C’est un premier pas intéressant, mais nous n’avons pas sauté au plafond non plus, car il y a encore du chemin à parcourir pour rattraper les pays d’égale économie. Notamment par rapport à l’Allemagne où nous constatons une différence de 2000 euros de salaire mensuel à certains moments de la carrière. Après 15 ans de carrière, les enseignants français du premier degré perçoivent 21% de moins que leurs homologues européens (23 pays de l’Union européenne).

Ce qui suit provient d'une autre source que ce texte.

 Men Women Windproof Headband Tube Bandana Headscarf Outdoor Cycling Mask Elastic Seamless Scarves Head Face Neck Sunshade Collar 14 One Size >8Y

PPCR ? Vaste mascarade pour tous ! Gel du plan pendant 1 an par Monsieur Macron, alors que les enseignants n’en pouvaient déjà plus d’attendre. De jeunes enseignants valeureux et bien notés voient leur carrière stagner alors qu’ils étaient proches d’une promotion. Des enseignants en fin de carrière, qui ont vu régulièrement leur salaire baisser en raison du gel du point d’indice (depuis 2008, faut-il le rappeler, le mince dégel vite annulé ayant été « compensé » par une augmentation du taux de cotisation…) se voient enfin promus à la classe exceptionnelle … et ? Ayant accumulé par exemple 6 années d’ancienneté au dernier échelon de la HC, on les reclasse au 4ème échelon de la CE, en leur disant qu’ils gardent leur ancienneté … La belle affaire ! Ils devront encore attendre 1 an pour avoir une chance d’accéder à la hors-échelle, accordée à de très rares « élus » . Et quand bien même … arrivé à ce stade, on perd son reliquat d’ancienneté ….
Bref, avec 6 ans, 10 ans d’ancienneté au dernier échelon de la HC en fin de carrière, on part avec au mieux une augmentation d’une centaine d’euros. Compensation de tant d’années de stagnation ?

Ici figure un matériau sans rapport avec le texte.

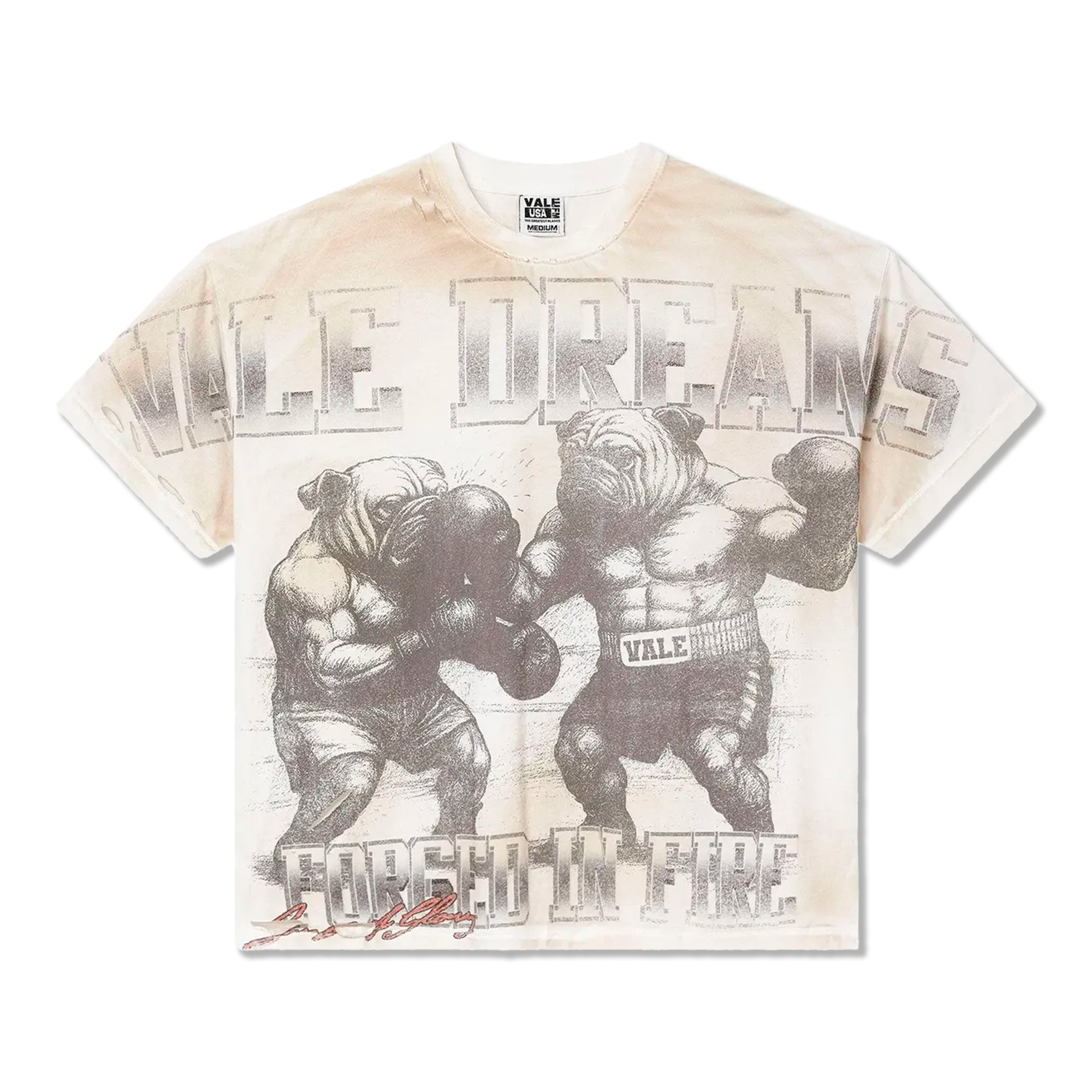 Forged Big Tee "Off White"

Sans parler de l’attribution de la classe exceptionnelle: recevabilité des dossiers inique, changement des appréciations attribuées par les chefs d’établissement, établissement de quotas à certaines catégories (profs du 2nd degré affectés à l’université en particulier, que les rectorats ignorent alors qu’ils gèrent leurs carrières). Sans parler de l’accès à la hors-échelle, encore plus obscur.
Malgré les beaux discours de notre ministre, mieux vaut être bon copain avec la bonne personne que se dévouer corps et âme à ses élèves et à son établissement !
Quel mépris de tous ces vrais et merveilleux enseignants compétents et généreux!
Les enseignants déjà sous payés( ,sans 13ème mois, sans les avantages procurés par un comité d’entreprise etc ;pour qui il est impossible d’épargner )devront toucher le font à la retraite et se joindre aux « sans dents » trop nombreux déjà.